Professionelle Soziale Arbeit ist heute keine freiwillige und ehrenamtliche »Liebesthätigkeit« mehr, sondern trägt, eingebunden in gesetzliche Regelungen, wesentlich zur Umsetzung des in Deutschland verfassungsrechtlich verankerten Sozialstaatsprinzips bei. Hiervon ausgehend legen Heike Niemeyer und Timo Schwarzwälder die politischen und rechtlichen Rahmenbedingungen für Soziale Arbeit dar ( Kap. 5). Vor dem Hintergrund gesellschaftlicher und wirtschaftlicher Entwicklungen werden politische Entscheidungen getroffen, die ihren Ausdruck in Gesetzen, Gesetzesänderungen und -reformen finden.

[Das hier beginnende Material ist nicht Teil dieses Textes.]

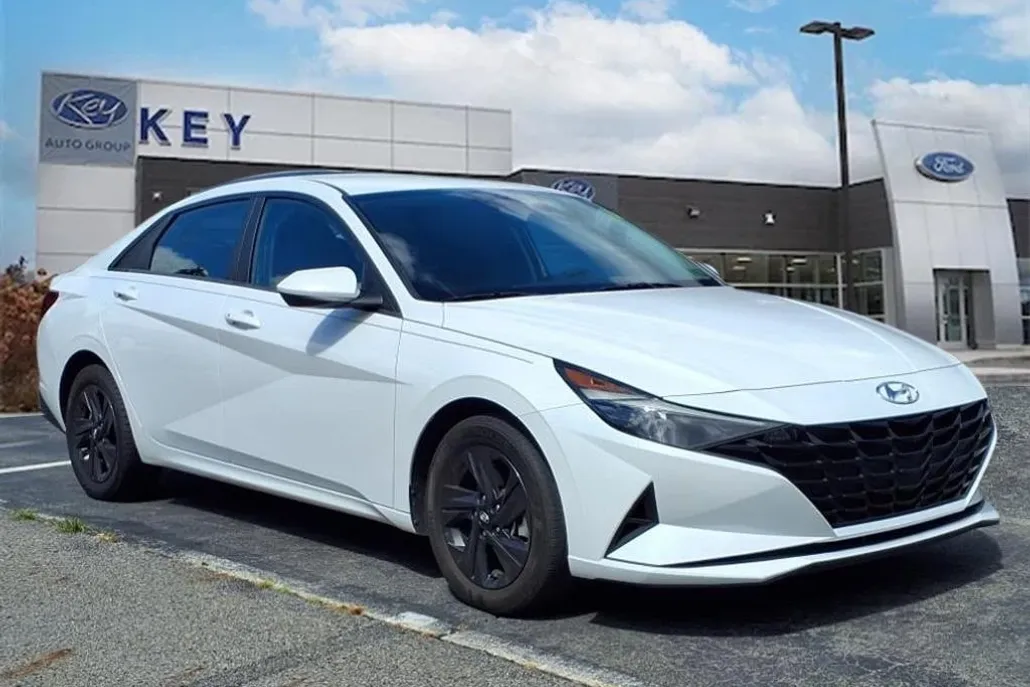 2022 Hyundai Elantra SEL photo 1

Somit stehen Sozialpolitik und Sozialrecht in enger Wechselbeziehung zueinander und haben entscheidenden Einfluss auf die konkreten Voraussetzungen vor Ort, unter denen Soziale Arbeit stattfindet.

Überwiegend wird Soziale Arbeit heute in einem Beschäftigungsverhältnis ausgeübt, für das neben dem allgemeinen Arbeitsrecht meist tarifvertragliche oder ähnliche Regelungen gelten. Diese können sich je nach Trägerschaft der Arbeitgeber*innen und Organisation der Arbeitnehmer*innen unterscheiden. Welche Sicherheiten, Besonderheiten, aber auch Lücken diese Regelungssysteme aufweisen, wie demzufolge die Arbeitsbedingungen in der Sozialen Arbeit beschaffen sind, beschreiben Heike Niemeyer und Rudolf Bieker in ihrem abschließenden Beitrag ( Kap. 6).